__Problem to solve__. Begin with the line that has "Venta Edificio con". Give it and every line after it again, exactly, through the end of the entries below.

··········

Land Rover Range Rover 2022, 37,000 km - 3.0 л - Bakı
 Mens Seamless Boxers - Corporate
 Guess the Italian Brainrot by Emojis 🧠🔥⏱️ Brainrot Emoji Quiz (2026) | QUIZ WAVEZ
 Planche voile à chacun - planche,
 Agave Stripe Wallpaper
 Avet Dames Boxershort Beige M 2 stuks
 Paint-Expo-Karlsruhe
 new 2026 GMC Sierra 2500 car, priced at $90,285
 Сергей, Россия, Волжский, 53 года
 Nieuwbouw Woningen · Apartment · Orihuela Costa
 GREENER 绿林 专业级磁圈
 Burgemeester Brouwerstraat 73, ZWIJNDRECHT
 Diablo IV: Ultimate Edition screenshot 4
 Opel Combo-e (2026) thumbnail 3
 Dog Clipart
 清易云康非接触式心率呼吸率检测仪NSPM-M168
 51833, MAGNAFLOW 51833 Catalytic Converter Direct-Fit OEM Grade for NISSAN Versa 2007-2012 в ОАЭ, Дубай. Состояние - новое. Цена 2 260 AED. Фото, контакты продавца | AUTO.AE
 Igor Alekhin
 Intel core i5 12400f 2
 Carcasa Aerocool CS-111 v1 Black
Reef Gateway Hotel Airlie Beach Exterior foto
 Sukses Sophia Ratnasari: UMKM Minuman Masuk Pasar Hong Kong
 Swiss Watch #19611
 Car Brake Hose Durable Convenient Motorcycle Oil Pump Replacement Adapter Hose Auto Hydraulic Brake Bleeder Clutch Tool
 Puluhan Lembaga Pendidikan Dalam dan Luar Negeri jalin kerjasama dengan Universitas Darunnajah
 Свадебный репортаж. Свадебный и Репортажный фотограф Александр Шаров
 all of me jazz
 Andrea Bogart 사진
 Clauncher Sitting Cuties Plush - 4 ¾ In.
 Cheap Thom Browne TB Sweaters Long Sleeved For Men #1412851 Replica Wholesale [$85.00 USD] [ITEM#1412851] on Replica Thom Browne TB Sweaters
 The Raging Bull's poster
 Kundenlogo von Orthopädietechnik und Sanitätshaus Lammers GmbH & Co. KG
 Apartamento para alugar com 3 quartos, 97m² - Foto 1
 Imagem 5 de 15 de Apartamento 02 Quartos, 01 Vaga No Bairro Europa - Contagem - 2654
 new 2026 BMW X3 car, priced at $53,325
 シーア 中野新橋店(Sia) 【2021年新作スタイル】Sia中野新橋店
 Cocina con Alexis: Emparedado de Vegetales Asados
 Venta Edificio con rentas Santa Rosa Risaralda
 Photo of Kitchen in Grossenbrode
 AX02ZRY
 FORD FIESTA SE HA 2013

··········

__Output of the exercise__.
 Venta Edificio con rentas Santa Rosa Risaralda
 Photo of Kitchen in Grossenbrode
 AX02ZRY
 FORD FIESTA SE HA 2013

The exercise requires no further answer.